Datadog: The Technology New Star With Recent Insider Buying

Over the last few years, insiders as a group have been huge sellers of technology stocks. The need to diversify their holdings combined with stock prices that had been bid up to levels unhinged from reality contributed to these large divestitures.

After years of selling, we are finally starting to see insider buying in some technology companies.

These purchases are opportunistic and not based on a structured 10b5-1 plan where the insider consistently buys at regular intervals.

The tides have turned in recent months with more insiders of technology companies stepping up to buy shares on the open market. This buying is more opportunistic than the structured buying we saw of companies like Asana (ASAN) by its founder and CEO Dustin Moskovitz through a 10b5-1 plan last year and early this year.

Given the current macro environment this may not be the right time to start buying these companies but I have always liked how insider purchases have been a source of ideas for me.

Datadog (NASDAQ:DDOG

Datadog is a cloud software company that initially started out as a infrastructure monitoring solution and over time has added various features to its software solutions ranging from log management to the more recent database monitoring.

These insider purchases were made indirectly through various ICONIQ funds. They purchased shares of Procore Technologies (PCOR) in March 2022 and Braze Inc. (BRZE) a couple of months ago.

(ICONIQ is a San Francisco-based private asset management company with $83.5 billion in assets under management (as of 12/31/2021). The firm provides wealth management services to high net worth clients such as Mark Zuckerberg, Sheryl Sandberg, Jack Dorsey and Jeff Weiner. ICONIQ was founded by Divesh Makan, Michael Anders and Chad Boeding in 2011 and Will Griffith joined the firm in 2012. ICONIQ has been a 10% owner in various companies like Snowflake (SNOW), Fastly (FSLY), Datadog (DDOG) and Procore Technologies (PCOR).)
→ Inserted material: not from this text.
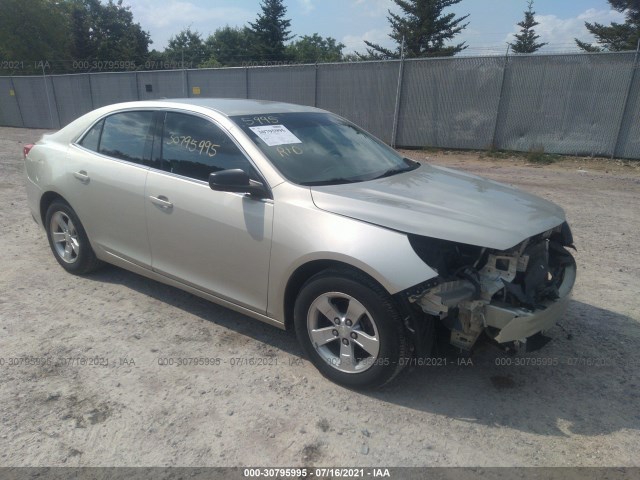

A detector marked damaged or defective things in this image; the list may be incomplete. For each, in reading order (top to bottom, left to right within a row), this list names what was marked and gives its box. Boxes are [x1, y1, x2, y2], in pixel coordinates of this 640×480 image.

damaged sedan [23, 99, 576, 388]
crumpled hood [310, 163, 564, 249]
exposed front end [404, 223, 576, 350]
ICONIQ is not the only fund purchasing shares of Datadog after the big decline in the stock this year that has seen the stock price cut in half. The legendary Stanley Druckenmiller’s Duquesne Family Office increased its stake in Datadog (DDOG) by 165% from 298K to 789K shares as of the end of Q3 2022. 

Market participants were encouraged by these purchases and bid up Datadog stock nearly 10% on Tuesday. The stock now trades at nearly 17 times trailing sales and 62 times cash flow. Despite the pullback in shrinking of their multiples, Datadog continues to trade at a premium valuation because of its high growth rate and the fact that the company actually makes money. 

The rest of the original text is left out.